We then split into two groups to brainstorm “what’s interesting in bibliographic data at the moment?”: the two groups managed to fill around 8 flipchart sheets
A few quotes and themes I picked up on:
- What will be the value of OA repositories in hindsight? Will it be open data (some are skeptical) or rather will it be their effect on the publishing industry?
- A really useful application would be a fits-all API to identify possible identifiers within a record/page – ”I think this is an identifier, please tell me what sort it is” – which then leads into a web service to aggregate information about the thing itself (rights information, etc.) – jokingly called “Rate my Regex”! – some interest in this as a project.
- Paul Walk: “Please an we have a day off from Linked Data!?“
- Idea of the role of “data doctor/data wrangler” gaining some currency in institutions.
- There are plenty of code libs for dealing with bibliographic data: pymarc, MARC4J, MARC::Record (perl). solrmarc.
- Owen Stephens: “MARCXML is the worst of MARC combined with the worst of XML. It’s rubbish.“
- A colleague of Peter Murray-Rust (sorry, I didn’t catch your name!). Citable data is not copyrightable. Java library containing ~20,000,000 open article records???
- Mark MacGillivray[?]: “To most people, this [taps laptop] is just a plastic box full of magic.“
After lunch we split again, this time into three groups, each to consider a different aspect of managing Open Bibliographic Data; each to consider opportunities, costs, pitfalls, etc. relating to the technologies themselves as well as to the skills needed in exploiting those technologies:
- Transforming data
- Munging data (both groups 1. and 2. agreed that the two steps are really the same thing – just “more transformation” – also that ‘munging’ is an awful word…)
- Exploitation of data
I was part of the ‘Munging data’ group.
- Problems in the move from a unitary system to distributed data services – loss of control (quality of 3rd-party data can be a problem for the librarian mindset!), worries over sustainability of mashup-style approaches (c.f. dbpedia, BBC RDF, the now-defunct Talis Silkworm project). However, openness itself provides some guarantee against things becoming defunct (i.e. Open Source Software)_.

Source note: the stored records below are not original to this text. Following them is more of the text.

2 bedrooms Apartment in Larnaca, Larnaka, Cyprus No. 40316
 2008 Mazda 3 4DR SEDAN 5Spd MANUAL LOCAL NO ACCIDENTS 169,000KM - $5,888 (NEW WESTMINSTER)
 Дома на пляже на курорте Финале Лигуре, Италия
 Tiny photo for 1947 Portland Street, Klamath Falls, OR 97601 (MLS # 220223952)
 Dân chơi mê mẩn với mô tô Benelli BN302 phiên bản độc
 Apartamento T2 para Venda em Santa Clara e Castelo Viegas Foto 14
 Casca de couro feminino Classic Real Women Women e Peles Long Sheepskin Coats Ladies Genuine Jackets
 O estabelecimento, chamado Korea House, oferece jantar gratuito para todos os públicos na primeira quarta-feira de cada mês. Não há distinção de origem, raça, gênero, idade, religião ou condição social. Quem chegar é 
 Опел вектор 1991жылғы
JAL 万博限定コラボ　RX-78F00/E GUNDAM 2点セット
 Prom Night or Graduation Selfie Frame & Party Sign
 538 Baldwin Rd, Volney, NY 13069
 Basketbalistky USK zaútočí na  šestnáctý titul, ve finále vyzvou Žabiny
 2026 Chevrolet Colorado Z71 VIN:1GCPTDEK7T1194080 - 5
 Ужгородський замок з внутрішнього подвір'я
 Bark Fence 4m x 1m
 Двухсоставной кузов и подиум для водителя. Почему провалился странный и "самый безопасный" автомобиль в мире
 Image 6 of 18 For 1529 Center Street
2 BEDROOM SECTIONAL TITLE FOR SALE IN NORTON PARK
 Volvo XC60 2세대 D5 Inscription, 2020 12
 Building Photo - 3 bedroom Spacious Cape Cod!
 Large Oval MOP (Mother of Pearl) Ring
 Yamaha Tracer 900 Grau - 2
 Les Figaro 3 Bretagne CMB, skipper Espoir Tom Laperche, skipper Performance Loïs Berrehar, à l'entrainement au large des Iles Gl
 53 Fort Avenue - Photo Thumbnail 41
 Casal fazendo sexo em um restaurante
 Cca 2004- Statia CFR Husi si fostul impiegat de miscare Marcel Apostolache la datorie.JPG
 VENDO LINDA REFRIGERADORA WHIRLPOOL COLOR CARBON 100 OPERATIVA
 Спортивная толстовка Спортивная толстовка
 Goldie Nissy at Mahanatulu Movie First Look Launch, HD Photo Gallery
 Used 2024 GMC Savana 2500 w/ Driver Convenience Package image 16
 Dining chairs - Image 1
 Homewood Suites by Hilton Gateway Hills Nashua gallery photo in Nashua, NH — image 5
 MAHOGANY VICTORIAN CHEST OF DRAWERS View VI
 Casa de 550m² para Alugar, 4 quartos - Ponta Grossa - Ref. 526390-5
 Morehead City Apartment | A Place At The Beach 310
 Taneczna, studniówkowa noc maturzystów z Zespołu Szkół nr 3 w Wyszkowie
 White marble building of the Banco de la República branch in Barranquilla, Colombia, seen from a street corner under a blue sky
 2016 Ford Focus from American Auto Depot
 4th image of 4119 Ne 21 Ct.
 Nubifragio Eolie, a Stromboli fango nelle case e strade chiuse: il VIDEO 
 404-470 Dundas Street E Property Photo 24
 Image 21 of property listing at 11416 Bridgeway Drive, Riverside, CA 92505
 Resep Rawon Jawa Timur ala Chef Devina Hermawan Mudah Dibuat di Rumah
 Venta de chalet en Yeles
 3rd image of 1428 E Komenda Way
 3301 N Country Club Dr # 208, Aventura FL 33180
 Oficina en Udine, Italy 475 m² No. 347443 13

- Need to think about the capacity (and the uneven geographic distribution) of local skills
- “Any data is better than no data”. Use of third-party open data is not really a challenge for management any more (only cataloguers care!)? But still important are notions of provenance, attribution, putting power back in the hands of the end user.
- We need to think at the citation level – is there a big difference between personal and institutional data?
- Character encoding!
- Skills. Not enough developers. Unevenly distributed geographically. (Can we construct a course/curriculum for open community development skills?).
- #ukdiscovery is somewhat distant from the mundane concerns of libraries. Ed Chamberlain is speaking to a group of cataloguers in Oxford about OBD – that’s the sort of thing we want!
- Thinking about the role of CILIP and ‘professionalism’ – keeping [technical] skills up to date. Portfolios/competency framework approaches. Can we get a push from the top of the library profession?
- Technology gaps, on the other hand, have mostly gone away. There are enough interesting and easy things to keep us busy without having to worry too much about the things that still don’t work. JISC can help to convince (smaller?) institutions that open development should be trusted.
- Still attempting to overcome legacy licensing issues. Instead of concentrating on dealing with old data, why don’t we just take a “line in the sand” approach and make sure we’re being 100% open from now on. Do the OBD principles need to be extended?
- Make use of feedback loops. Learn something about your data by feeding how it’s been used back into the system. Use this usage to inform your transformations.